■ YOUR TASK:
Print the records below from the first line through the line containing "Oh So Thankful Navy Floral Babydoll Dress", both included, word for word.

(Data excerpts)
■ ■ ■ ■ ■ ■ ■
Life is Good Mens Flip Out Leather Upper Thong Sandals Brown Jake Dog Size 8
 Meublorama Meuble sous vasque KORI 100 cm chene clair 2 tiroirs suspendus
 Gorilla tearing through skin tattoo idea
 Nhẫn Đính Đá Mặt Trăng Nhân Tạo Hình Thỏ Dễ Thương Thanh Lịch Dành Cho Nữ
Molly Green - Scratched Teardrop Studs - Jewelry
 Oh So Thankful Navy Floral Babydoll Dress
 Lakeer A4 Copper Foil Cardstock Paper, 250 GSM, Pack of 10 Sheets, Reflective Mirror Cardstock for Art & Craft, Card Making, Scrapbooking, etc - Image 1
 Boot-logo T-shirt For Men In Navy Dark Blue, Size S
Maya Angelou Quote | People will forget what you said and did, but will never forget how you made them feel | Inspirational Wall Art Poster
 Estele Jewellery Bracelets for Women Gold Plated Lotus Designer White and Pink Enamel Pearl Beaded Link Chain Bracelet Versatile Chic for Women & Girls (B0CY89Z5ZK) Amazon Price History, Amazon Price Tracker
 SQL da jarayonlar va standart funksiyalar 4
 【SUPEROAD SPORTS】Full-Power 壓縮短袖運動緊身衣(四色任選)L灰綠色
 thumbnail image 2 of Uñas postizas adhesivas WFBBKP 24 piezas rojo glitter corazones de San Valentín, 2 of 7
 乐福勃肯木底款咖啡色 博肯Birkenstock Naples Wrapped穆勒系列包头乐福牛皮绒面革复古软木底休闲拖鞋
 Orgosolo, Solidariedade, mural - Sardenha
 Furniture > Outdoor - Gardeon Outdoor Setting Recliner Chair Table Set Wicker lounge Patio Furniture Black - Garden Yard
■ ■ ■ ■ ■ ■ ■
■ RESULT:
Life is Good Mens Flip Out Leather Upper Thong Sandals Brown Jake Dog Size 8
 Meublorama Meuble sous vasque KORI 100 cm chene clair 2 tiroirs suspendus
 Gorilla tearing through skin tattoo idea
 Nhẫn Đính Đá Mặt Trăng Nhân Tạo Hình Thỏ Dễ Thương Thanh Lịch Dành Cho Nữ
Molly Green - Scratched Teardrop Studs - Jewelry
 Oh So Thankful Navy Floral Babydoll Dress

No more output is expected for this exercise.